The fundamental challenge constraining transformer inference at scale remains the O(n²) memory requirement of self-attention mechanisms, where n denotes sequence length. While recurrent and state-space models (SSMs) offer constant-memory alternatives, their fixed-dimensional state bottleneck inevitably discards long-tail distributional information critical for coherent generation. Recent test-time training (TTT) approaches attempt to circumvent this limitation by encoding context into learnable parameters, yet they suffer from two critical failure modes: overfitting to token-level projection artifacts and disrupting the causal structure encoded during pretraining.
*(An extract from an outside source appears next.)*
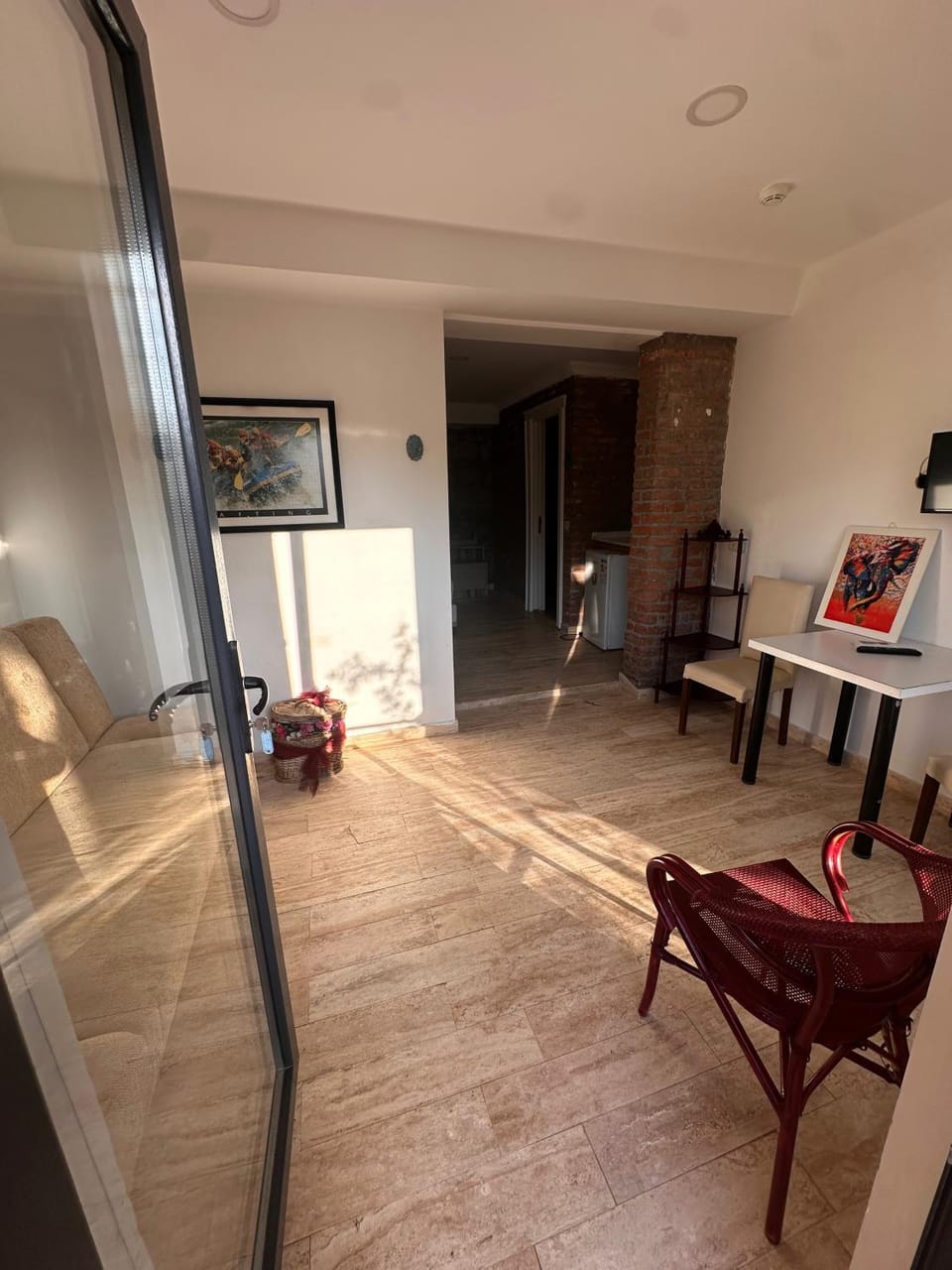 Facade/entrance, Living room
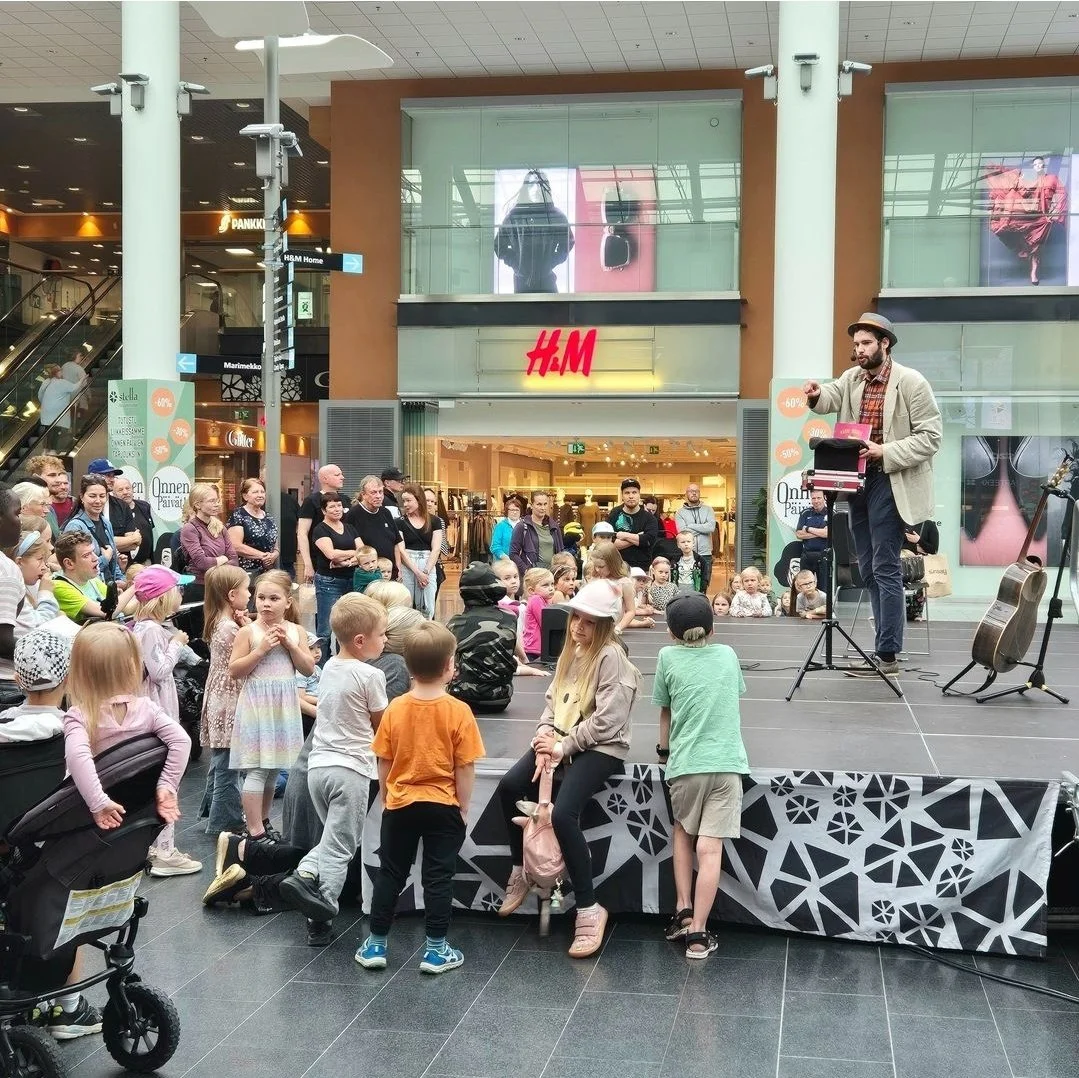 Lastentaikuri julkisiin tapahtumiin ja esiintymisiin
Absorber LLM reformulates long-context retention as a causal synchronization objective. The core insight is elegantly simple: after absorbing historical context into model parameters via gradient updates, the modified model operating without explicit context should generate distributions indistinguishable from the original model with full context available. This formulation preserves the causal dependencies learned during pretraining while enabling parameter-efficient context compression. Mathematically, the method optimizes alignment between internal activations—spanning attention patterns, hidden states, and layer-wise representations—rather than superficial output matching, which forces the model to internalize context semantics rather than memorize surface-level patterns.

The synchronization mechanism operates by computing behavioral divergence across intermediate layers during test-time adaptation, using these gradients to update parameters in ways that maintain distributional equivalence with the original model. This approach differs fundamentally from naive fine-tuning by explicitly constraining the parameter update trajectory to preserve causal relationships, preventing the model from learning spurious token-level correlations that fail to generalize beyond the training context window.

Experimental validation on established long-context benchmarks demonstrates substantial improvements in both memory efficiency and perplexity metrics relative to parameter-as-memory baselines, while maintaining competitive performance against full-context transformers on standard tasks. The method's effectiveness suggests that causal structure preservation during adaptation is essential for robust context absorption in pretrained language models.